ŁKS Commercecon Łódź już w pierwszym secie zapewnił kibicom sporo emocji. Zaczął od perfekcyjnej gry. Piasecka mocno zarywała, a łódzki blok był dla gospodyń nie do przejścia. Francuski nie mogły skończyć żadnego ataku. I po zdobyciu 6 punktów łodzianki nagle się zatrzymały. Po stronie Volero mocno zagrywała Victoria Russu. Zrobiło się niebezpiecznie. Gospodynie prowadziły już 10:6. Później kilka ataków w aut, kilka błędów w zagrywce, problemy w przyjęciu i zrobiło się 14:8. Sygnał do pogoni dały swoimi atakami Diouf i Campos. ŁKS Commercecon Łódź uspokoił grę, która dzięki temu się wyrównała. Aż do końcówki seta. Wówczas Gryka zaliczyła asa serwisowego, przytomnie na siatce reagowała też Ratzke. To wystarczyło. Łodzianki w ostatnim momencie wygrały piłkę setową.

Drugi set nie zaczął się tak dobrze, jak pierwszy. Francuski od razu wyszły na prowadzenie 7:2. Po łódzkiej stronie nie było obrony. Całe szczęście dobre spotkanie rozgrywała Gryka. W polu serwisowym pomogła jej Diouf. Łódzkie Wiewióry zmniejszyły dystans, ale odrobić strat nie było łatwo. Pomogła Aleksandra Dudek, która zaraz po pojawieniu się na parkiecie zaczęła odważnie atakować. Niestety obrona Volero robiła wrażenie.
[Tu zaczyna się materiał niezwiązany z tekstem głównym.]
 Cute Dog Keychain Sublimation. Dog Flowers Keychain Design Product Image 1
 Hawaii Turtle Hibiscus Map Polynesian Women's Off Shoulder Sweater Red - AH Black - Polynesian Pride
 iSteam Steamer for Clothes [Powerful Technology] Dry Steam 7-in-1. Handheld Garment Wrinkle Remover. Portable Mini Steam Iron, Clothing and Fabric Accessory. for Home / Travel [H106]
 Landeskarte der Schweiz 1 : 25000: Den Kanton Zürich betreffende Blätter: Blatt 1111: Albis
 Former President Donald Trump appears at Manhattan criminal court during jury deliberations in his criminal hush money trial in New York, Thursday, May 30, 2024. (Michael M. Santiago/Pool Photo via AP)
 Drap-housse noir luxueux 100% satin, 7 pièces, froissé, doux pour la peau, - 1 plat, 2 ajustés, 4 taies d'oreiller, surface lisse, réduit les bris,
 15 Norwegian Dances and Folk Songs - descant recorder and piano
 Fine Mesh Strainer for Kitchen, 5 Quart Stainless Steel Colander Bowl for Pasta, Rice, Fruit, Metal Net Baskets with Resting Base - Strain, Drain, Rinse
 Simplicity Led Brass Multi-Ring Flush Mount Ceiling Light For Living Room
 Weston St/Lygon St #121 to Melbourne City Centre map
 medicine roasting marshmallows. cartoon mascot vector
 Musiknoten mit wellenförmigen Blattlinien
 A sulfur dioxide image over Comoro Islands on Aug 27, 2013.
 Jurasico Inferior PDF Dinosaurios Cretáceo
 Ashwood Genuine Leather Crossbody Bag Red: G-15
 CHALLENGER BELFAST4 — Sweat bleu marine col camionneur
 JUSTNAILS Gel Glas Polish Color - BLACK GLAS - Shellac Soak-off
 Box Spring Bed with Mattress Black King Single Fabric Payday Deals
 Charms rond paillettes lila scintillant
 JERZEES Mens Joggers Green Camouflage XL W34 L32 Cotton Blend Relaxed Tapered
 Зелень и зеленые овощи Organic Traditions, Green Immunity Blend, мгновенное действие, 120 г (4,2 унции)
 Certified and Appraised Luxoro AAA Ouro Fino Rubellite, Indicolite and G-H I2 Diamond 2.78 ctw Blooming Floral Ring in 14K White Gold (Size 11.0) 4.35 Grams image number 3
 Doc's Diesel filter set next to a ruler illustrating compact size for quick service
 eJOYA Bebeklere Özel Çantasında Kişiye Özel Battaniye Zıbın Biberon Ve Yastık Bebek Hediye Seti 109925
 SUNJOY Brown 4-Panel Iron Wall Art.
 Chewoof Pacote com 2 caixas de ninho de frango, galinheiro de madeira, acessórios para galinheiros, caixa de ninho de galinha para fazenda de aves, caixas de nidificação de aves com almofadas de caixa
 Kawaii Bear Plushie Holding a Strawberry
Gospodynie „wyciągały” większość piłek, nawet z groźnych i mocnych uderzeń. W efekcie utrzymały prowadzenie i doprowadziły do remisu w setach.

Łodzianki najwyraźniej zostały wybite z rytmu przegranym setem. W trzeciej odsłonie spotkania siatkarki Volero wyszły od razu na 4-punktowe prowadzenie. Trzeba było się skupić. Dobrą taktyka okazał się blok i serwis, które nie pozwoliły na powiększanie gospodyniom dystansu. Odrabianie strat jednak szło opornie. To, co prezentowały sobą francuski w obronie, imponowało. Łodziankom nie pomagał sędzia, który wyraźnie nie sprostał zdaniu. Odgwizdywał przewinienia tam, gdzie ich nie było. To sprawiło, że trzecia partia obfitowała w długie przerwy. Gra łodzianek całkowicie się posypała. Nie było przyjęcia, przez co ataki były mało skuteczne. ŁKS Commercecon Łódź przegrał trzeciego seta do 15!

Łodzianki ocknęły się w czwartej partii. Dokładniejsze ataki i powrót do gry blokiem dały ŁKS Commercecon Łódź prowadzenie 8:11. Kluczem była oczywiście dobra zagrywka. Dobra passa nie potrwała jednak długo. Wystarczyło kilka autowych piłek, żeby przewaga stopniała. I zaczęła się walka punkt za punkt. Atak z jednej, atak z drugiej. Po stronie przyjezdnych brylowała Diouf. Dwoiła się i troiła, zdobywając kolejne punkty. Na prowadzenie udało się wyjść dopiero w końcówce. Biało-czerwono-białe złapały wiatr w żagle i doprowadziły do tie-breaka.

Piąty set zaczął się lepiej dla zawodniczek Volero. Od razu objęły prowadzenie i to ŁKS Commercecon Łódź był pod presją. A to prowadziło do błędów. Nie było przyjęcia, nie było bloku. Na tablicy pojawił się wynik 8:2. Nie otrzeźwiło to siatkarek ŁKS Commercecon Łódź nie dość, że o każdy punkt było ekstremalnie trudno, to jeszcze pojawiły się np. zepsute serwisy. Gospodynie mogły tylko to wykorzystać i tak właśnie zrobiły. Powiększały przewagę, aż postawiły kropkę nad i. ŁKS Commercecon Łódź musiał uznać wyższość francuskiej drużyny.